Robin, THANX for posting this - misery loves company!  I'm so glad to see I'm not the only one hitting my head against the wall.  I think I can see your Darland and raise it one Livesay.

lol, welcome to the club, census takers are notorious for making strange mistakes, having to find people in 1666 and 1667 censuses in New France is often an exercise in creative imagination to figure out what name got used.  Good job on figuring him out.
I may be able to shed some light on the missing birth records, and add to the surname confusion.

TL;dr: This person may have originally been a Dyrland.

My adoptive maiden name is Dyrland, a norwegian name. When it is pronounced in Norwegian, it sounds an awful lot like Durland. Many of my great grandparents families emigrated to the midwestern states in the Norwegian immigration boom of the 1800s. The Dyrland name splintered into those who kept it as Dyrland (a lot of the Dakotas and Canadian branches of the family).. Others accepted the anglicized version as Durland.

Dyrland is a county in the Telemark region of western Norway (where skiing was invented). As was the custom in the 1800s, emigrating Norwegians took the name of the farm or region they were from if they needed to differentiate from other branches of the family who had common names or descendants (e.g. my grandfather was a Pederson, literally Peter's Son, and he had 14 siblings).

The surname also gets misspelled often as Dryland, or as Durland or even Darland, because the Y-R consonant grouping look wrong *hence R-Y) or sounds wrong (Hence U-R) to American-English and Canadian-English eyes.

Until I started filling in profiles for the surname Dyrland here on Wiki tree this week, there were only four with the name on our tree, when there are about 1000 of them in the world.

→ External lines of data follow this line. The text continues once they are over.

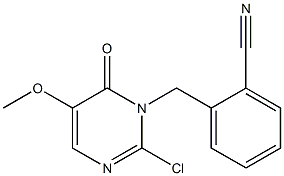 2-[(2-chloro-5-methoxy-6-oxo-1(6H)-pyrimidinyl)methyl]benzonitrile Structure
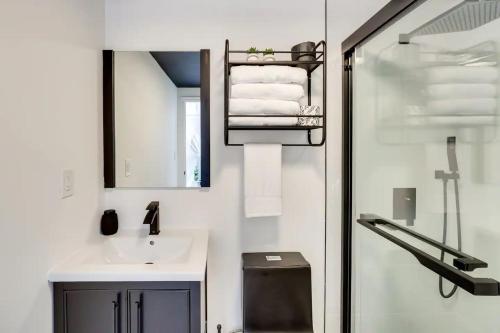 蒙蒂塞洛Unique Escapes - 007 Geodome的白色的浴室设有水槽和镜子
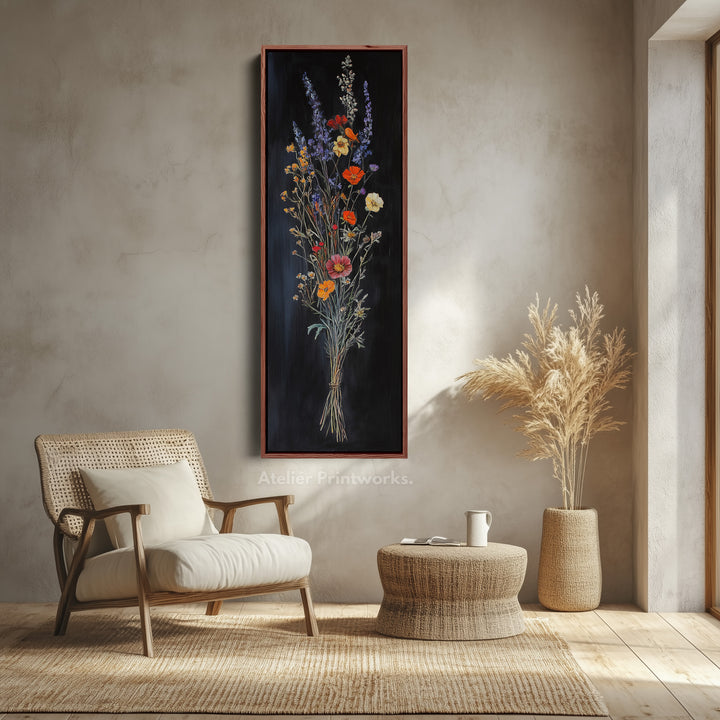 Wild Flower Kitchen Wall Art Long Vertical Framed Canvas Decor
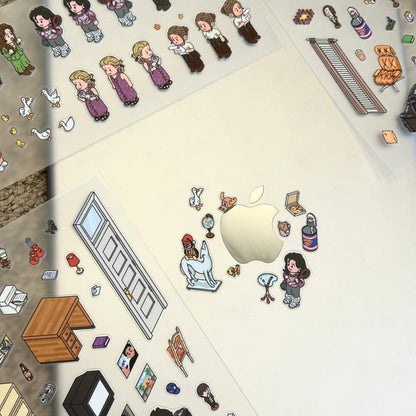 Cozy Days with Friends 3D Sticker | 2 Cute Miniature Scenes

I'm working on it.

My suggestion would be to see if you can situate this person as a Dyrland or a Dryland and see if he can be linked back to Norway. On a quick search, I did see an emigration passenger list for him coming into Boston, so it is possible he wasn't born in the US, but rather came from Norway.
Thanks for your insight, but, this is a well documented family,  Dorlandt,  Dutch by origin and about 4th generation born in Kentucky.

3 Answers

+9 votes
 
Best answer
Oh, now that’s a mess! Nicely done profile, by the way.
by Pip Sheppard G2G Astronaut (2.8m points)
selected by Rubén Hernández
Thanks, Rubén!
+10 votes
clearly looks like "Garrett" to me in the 1900 census, not "George". Bad transcription.
by Dennis Wheeler G2G6 Pilot (589k points)
this is why is good to look at the actual document (image), and not blindly follow the transcription
+6 votes
Nicely done. Nice profile. I understand your pain...my grandmother was a similar journey, since I found 12 spellings for her given name and 12 variants for her maiden name.